Sydney Friendly Kankuzi is a Lecturer in Media, Communication and Cultural Studies and former Head of Language and Communication Department at Chancellor College, University of Malawi. He holds a B.Ed (Teaching of English) from the University of Malawi, a BA Honours in Cultural and Media Studies from the University of Natal, and an MA in Cultural and Media Studies from the University of KwaZulu Natal in South Africa. Currently, he is reading for a Ph.D in Journalism Studies at the School of Media, Film and Journalism at the University of Ulster in Northern Ireland.
Olujimi Kayode is the head of the Department of Journalism at Adebola Ade-gunwa School of Communication, Lagos State University, Nigeria. He is a former director of the Nigeria Institute of Journalism and had served in various panels on the development ofjournalism education in Nigeria. His research papers have appeared in several international journals and books, and he is also a doctoral candidate in Department of Mass Communication, University of Lagos, Nigeria.

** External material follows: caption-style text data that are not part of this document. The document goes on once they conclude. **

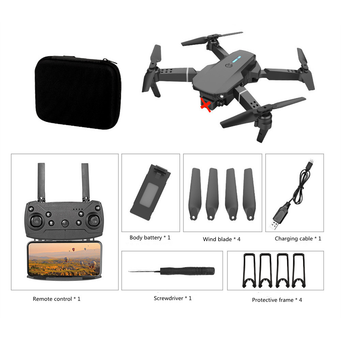 Camera Drones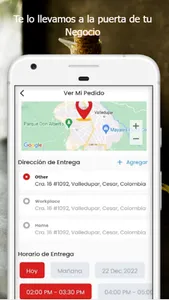 Makrot - App de Pedidos screenshot 5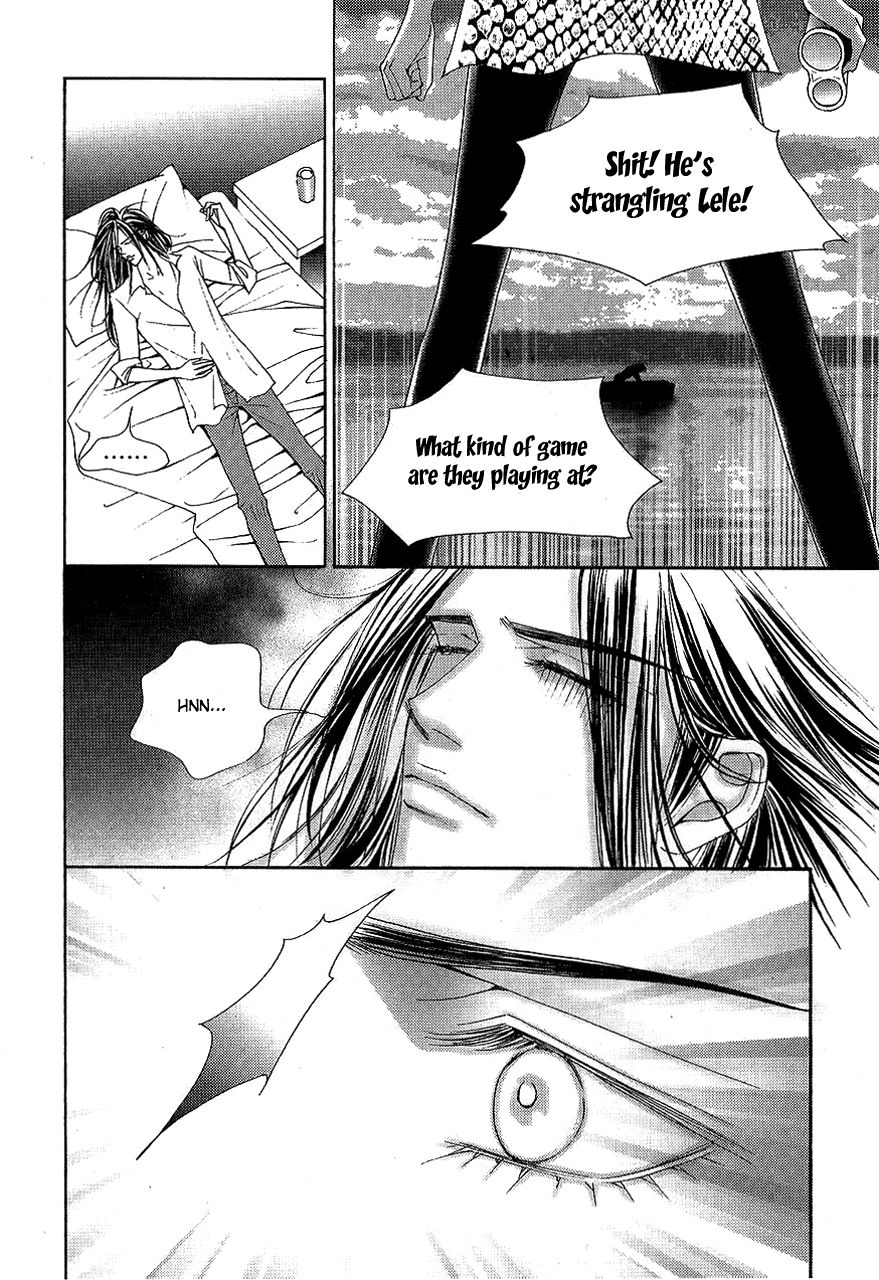 The One Chapter 100 page 37 - Chapter 100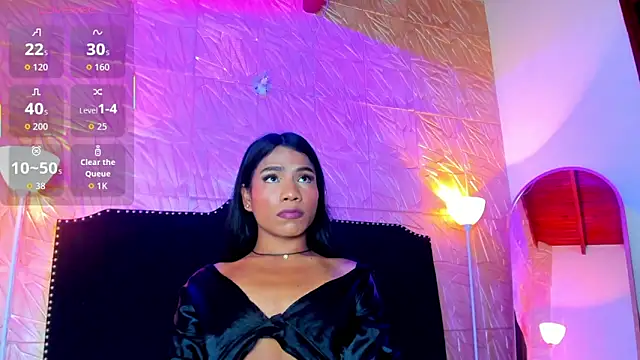 kimberly Gonzalez1 online show from March 13, 2026, 4:17 am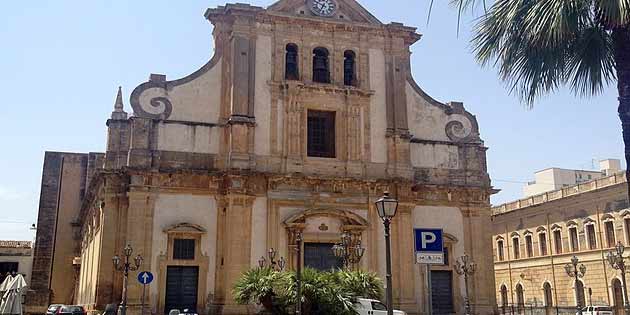 Church of Santa Maria Assunta in Augusta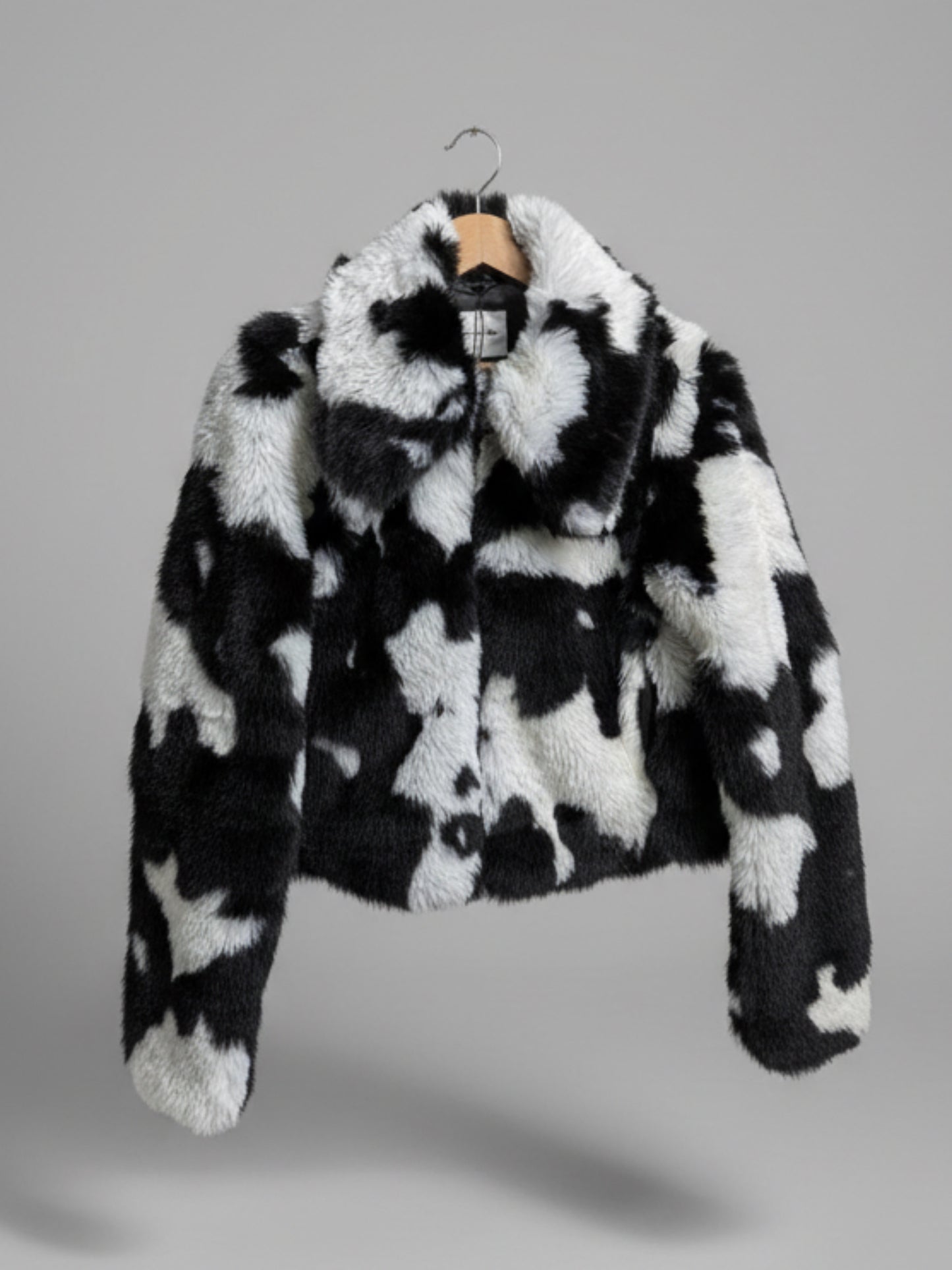 CHAMONIX - Veste fausse fourrure aviateur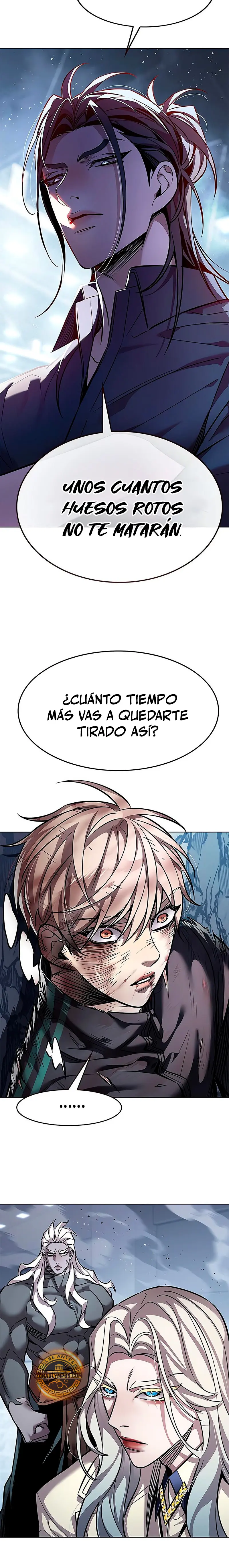 Eleceed Capítulo 357 - Página 21 en español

Shaibu Husseini is a performing artist, journalist, film critic and public relations practitioner and a post-graduate student in the Department of Mass Communication, University of Lagos. He writes for one of Nigeria’s flagship newspapers, The Guardian, and is an Associate Member of the Nigerian Institute of Public Relations (NIPR).
Beatrice Adeyinka Laninhun (PhD) is Senior Lecturer, and formerly, Acting Head, Department of Communication and Language Arts, University of Ibadan, Nigeria. Her research interests are in the areas of advertising, television broadcasting and development communication. She was also the National Treasurer, African Council for Communication Education, Nigeria Chapter and member, Advertising Practitioners’ Council of Nigeria (APCON) as well as the Nigerian Institute of Public Relations (NIPR). She has published extensively in learned journals, locally and internationally.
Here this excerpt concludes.